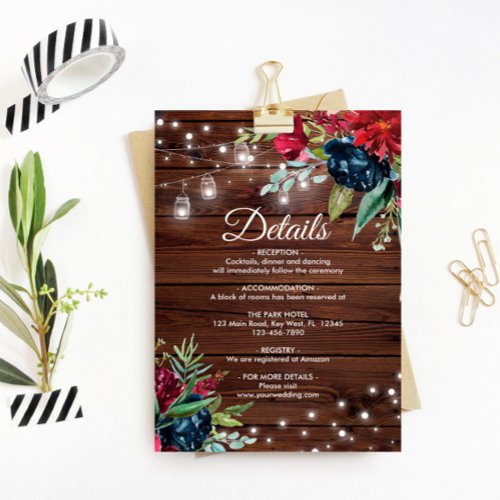 Rustic Wood Burgundy Floral Lights Wedding Details Enclosure Card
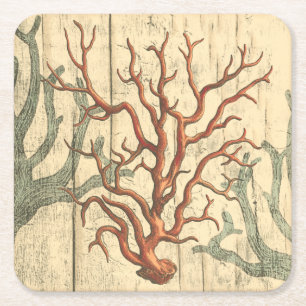 Hout en klein koraal kartonnen onderzetters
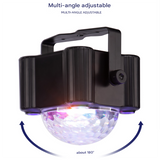 Black Sound Activated Disco Ball Party Light with Remote - RGB Strobe & UV Stage Lighting for Home Parties - Front View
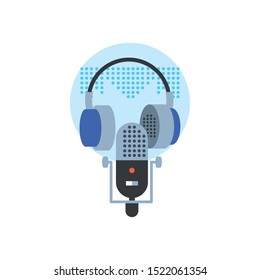 earphones audio device technology vector illustration design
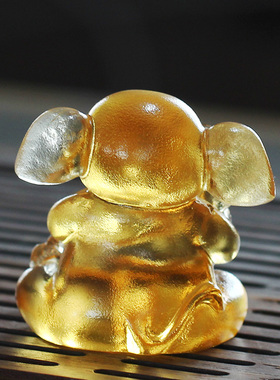 琉璃大象如意风水摆件朋友送礼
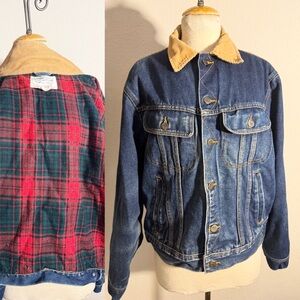 Vtg rustic blue denim jacket fully lined pockets unisex WM L Mens S Silver Spur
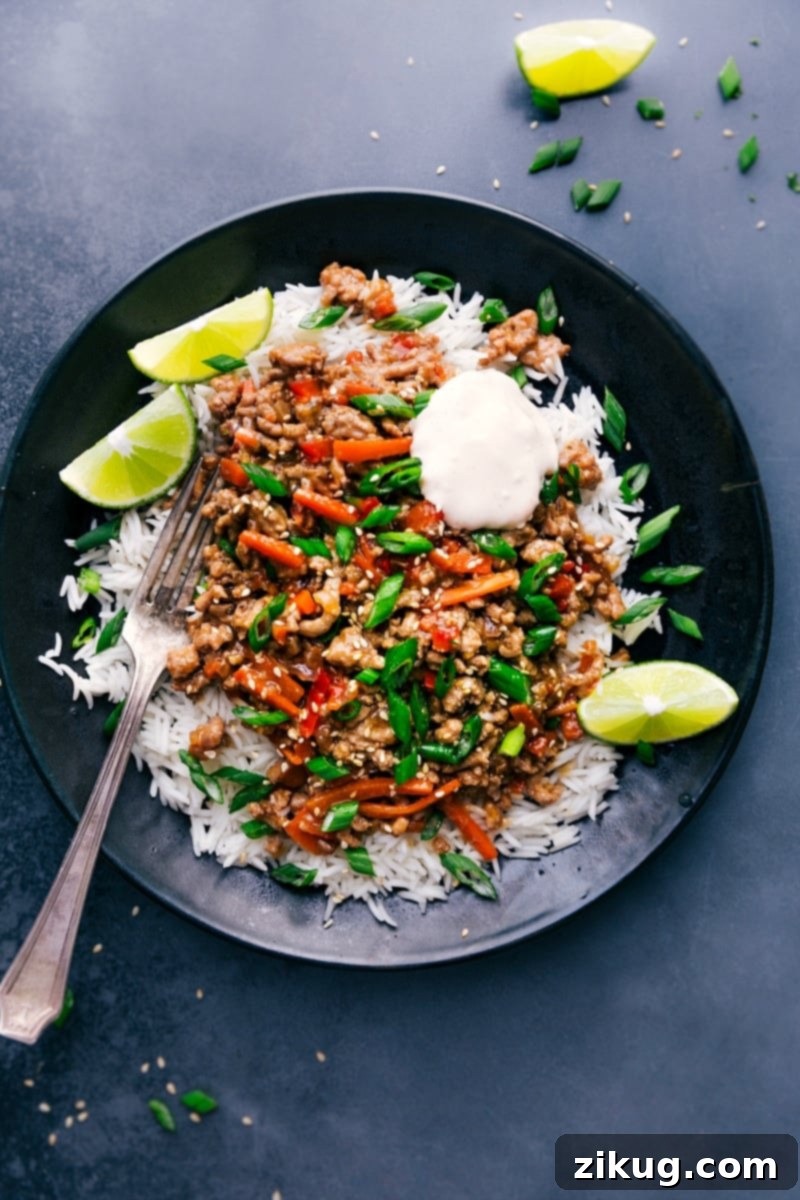 Flavorful Asian Ground Turkey Bowls: A Healthy, Quick, and Kid-Friendly Dinner Option Packed with 'Hidden' Veggies and No Added Sugar. Recipe inspired by ChelseasMessyApron.com #turkeybowl #asian #groundturkey #ricebowl #healthyrecipes #quickdinner Overhead view of Asian Ground Turkey bowls with rice, garnished with fresh herbs and sesame seeds.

== What to work on ==
Transcribe exactly, and only, the lines from the line with "Hout en klein koraal kartonnen onderzetters" through the last line of the records, inclusive; the pictures do not belong in the copy.

== Result ==
 Hout en klein koraal kartonnen onderzetters
 Black Sound Activated Disco Ball Party Light with Remote - RGB Strobe & UV Stage Lighting for Home Parties - Front View
 earphones audio device technology vector illustration design
 琉璃大象如意风水摆件朋友送礼
 Vtg rustic blue denim jacket fully lined pockets unisex WM L Mens S Silver Spur
 Flavorful Asian Ground Turkey Bowls: A Healthy, Quick, and Kid-Friendly Dinner Option Packed with 'Hidden' Veggies and No Added Sugar. Recipe inspired by ChelseasMessyApron.com #turkeybowl #asian #groundturkey #ricebowl #healthyrecipes #quickdinner Overhead view of Asian Ground Turkey bowls with rice, garnished with fresh herbs and sesame seeds.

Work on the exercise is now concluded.